Elise looked apprehensively at me.
“It’ll be alright.” I tried reassuring her.
I will jolly well have to make sure it goes alright, I thought silently to myself.
As her Liver Function tests were abnormally raised, I needed to do an MRI scan of her bile ducts to make sure there were no stones in the common bile duct. That meant another day of delay.
She was going to have her operation 5 days before her wedding!
In the past, acute inflammation of the gall bladder (acute cholecystitis) was treated with intravenous antibiotics with surgery delayed till the inflammation had settled.
However, that often resulted in much scar tissue formation around the gall bladder and bile ducts as the patient's body tries to contain the problem. At times, the scar tissue is dense, making dissection difficult and occasionally dangerous. Moreover, that also meant the patient had to put up with persistent pain and discomfort while waiting 'for the inflammation to settle'.
Now, many surgeons prefer early surgery instead - Emergency Cholecystectomy. With a bit of care, the operation can usually be done laparoscopically with less discomfort to the patient. However, one of the incisions often has to be enlarged to allow removal of the swollen inflammed gall bladder.
There is still a role for conservative management of cholecystitis in the elderly and unfit and I have successfully employed intravenous antibiotics with gall bladder drainage in the past.
As it turned out, Brad’s decision proved absolutely right.
The gall bladder, though swollen and inflamed was not as bad as I’d imagined it might be.
And most definitely, if we’d postponed surgery till after the wedding, it would have been far worse with dense scar tissue obscuring the vital structures.
That’s not to say it wasn’t tricky. The cystic artery spiralled around the cystic duct pulling everything down.
“Can’t we clip the cystic artery together with the cystic duct?” asked one of the OT nurses helpfully.
“No. No shortcuts. We HAVE to make sure this operation goes well!”
Somehow, I had to ensure Elise could transform from Patient to Bride in 5 days. My lips tightened at the thought of her clutching her tummy saying “I do".
"GET ME TO THE BEACH ON TIME!"
In the end, it did go well. She stayed an extra day or two as I was certain if she went home she’d be rushing around doing things and not getting rest. Poor Brad had to do most of the work.
“Can I go to Bali?”
Well, I had to say no.
What if something happened while she was out there?

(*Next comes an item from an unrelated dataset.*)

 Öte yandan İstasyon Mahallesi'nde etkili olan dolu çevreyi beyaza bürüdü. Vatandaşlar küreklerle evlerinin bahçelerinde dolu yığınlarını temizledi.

But I knew she wasn’t going to listen to me and go anyway.
And it would probably be OK to do so.
She bounced into my clinic one week later, looking bright and fresh.
Cheerfully, she reported the wedding had gone well, the weather had held up (it was a beach wedding).
And Bali was wonderful!
Sure, I’ve done lots of laparoscopic gallbladder operations before. But I’ve never had to operate so close to a patient’s wedding day!
“I want to thank you for work well done and your clear explanation had helped me understand a lot. I wasn't in doubt for even a minute that I'm in the care of good hands...YOU, Dr. Khoo!”